## Task inputs
☆ ☆ ☆ ☆ ☆ ☆ ☆

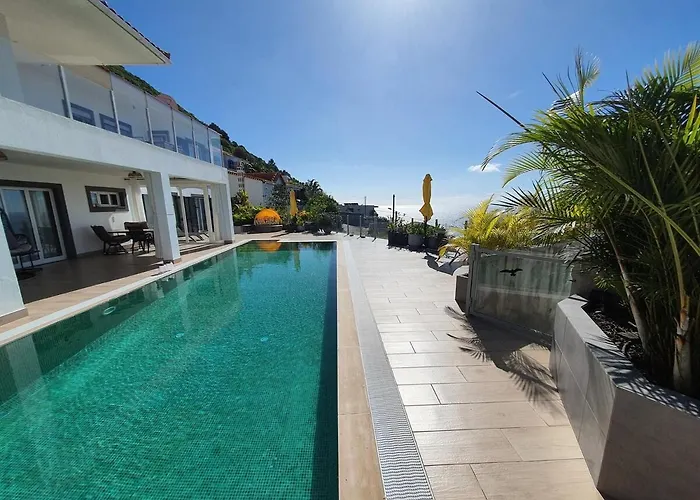 Palmera Sea View Vila *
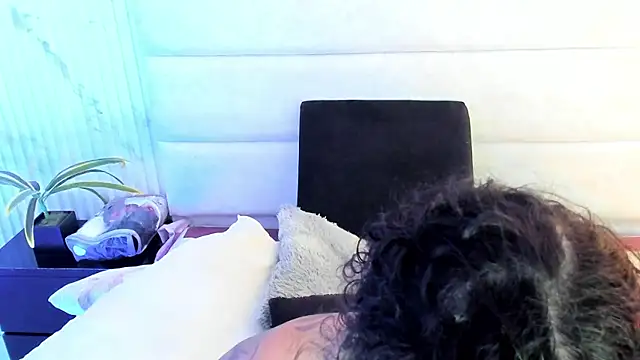 Reginavegaa online show from December 3, 11:41 am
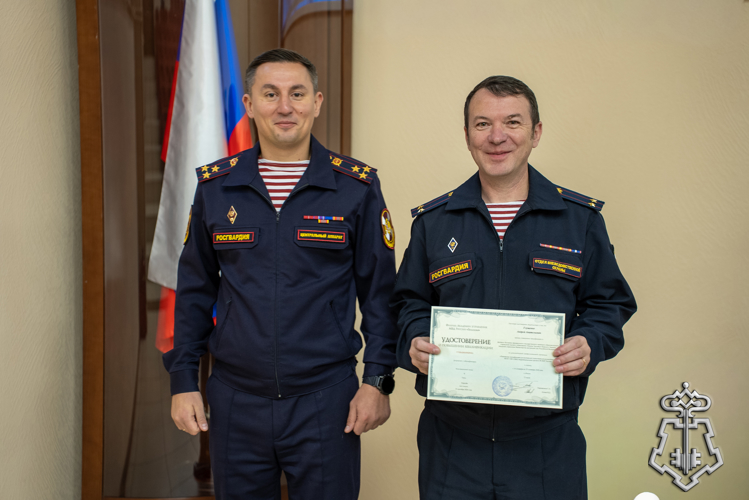 В Подмосковье завершились курсы повышения квалификации руководителей подразделений вневедомственной охраны Росгвардии
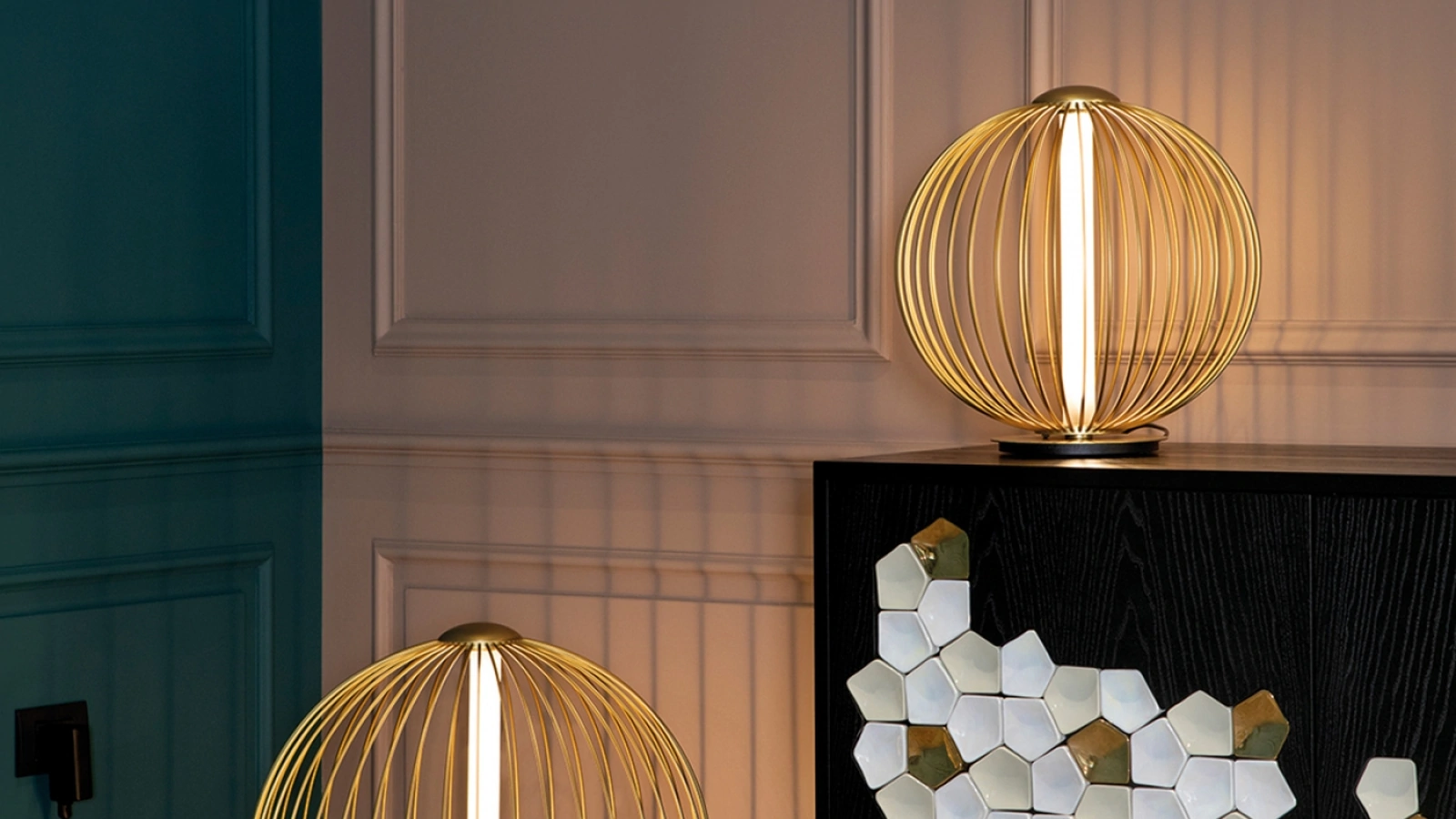 Lampada da tavolo e da terra Mandala dalla forma rotonda realizzata in filo metallico di Tonin Casa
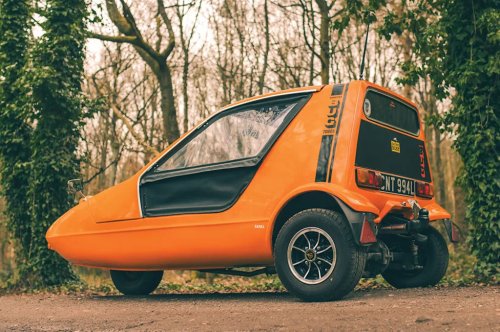 Discover the pioneering Bond Bug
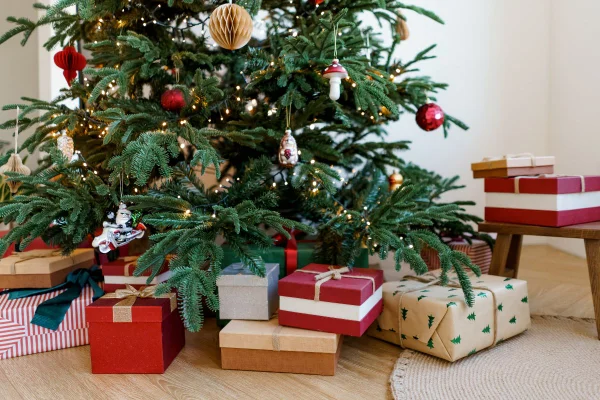 foto colorida presentes na árvore de natal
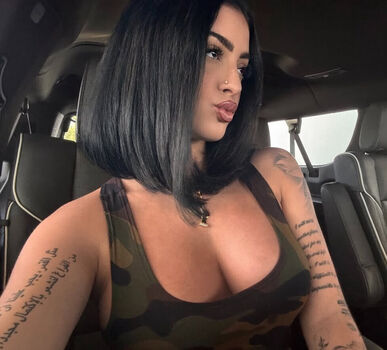 Malu trevejo 1 page 3 image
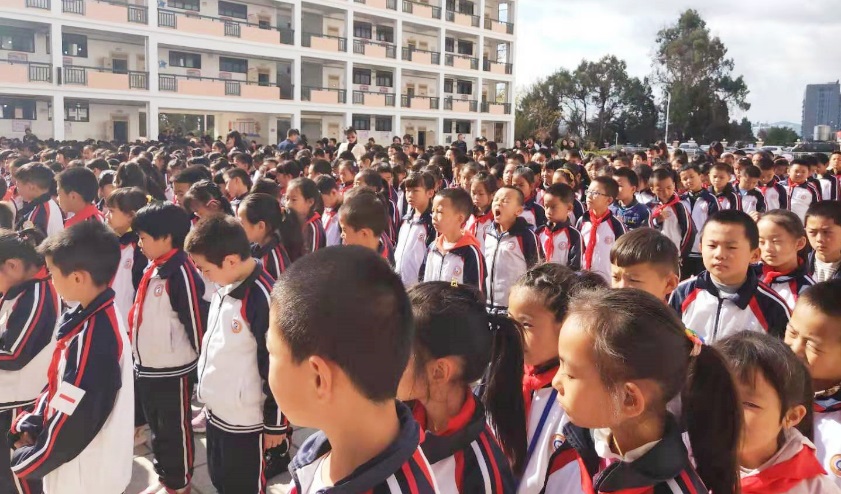 【麒麟区爱路护路进校园宣传活动在北岸小学举行】图2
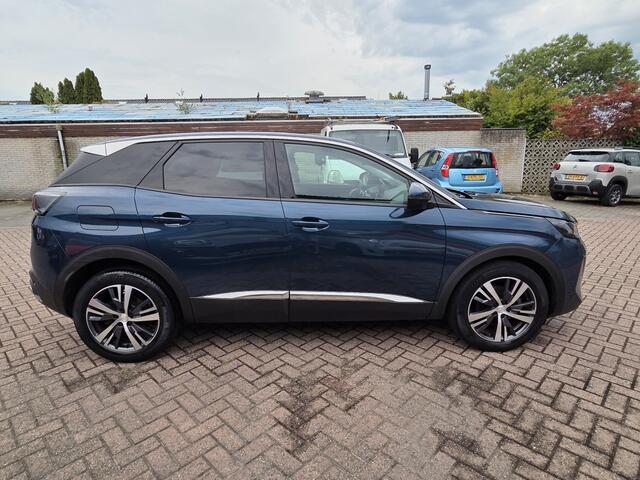 Peugeot 3008 1.2 PureTech Allure automaat.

☆ ☆ ☆ ☆ ☆ ☆ ☆

## What the task asks
Repeat the data above exactly; images are not part of the copy.

## Exercise output
 Palmera Sea View Vila *
 Reginavegaa online show from December 3, 11:41 am
 В Подмосковье завершились курсы повышения квалификации руководителей подразделений вневедомственной охраны Росгвардии
 Lampada da tavolo e da terra Mandala dalla forma rotonda realizzata in filo metallico di Tonin Casa
 Discover the pioneering Bond Bug
 foto colorida presentes na árvore de natal
 Malu trevejo 1 page 3 image
 【麒麟区爱路护路进校园宣传活动在北岸小学举行】图2
 Peugeot 3008 1.2 PureTech Allure automaat.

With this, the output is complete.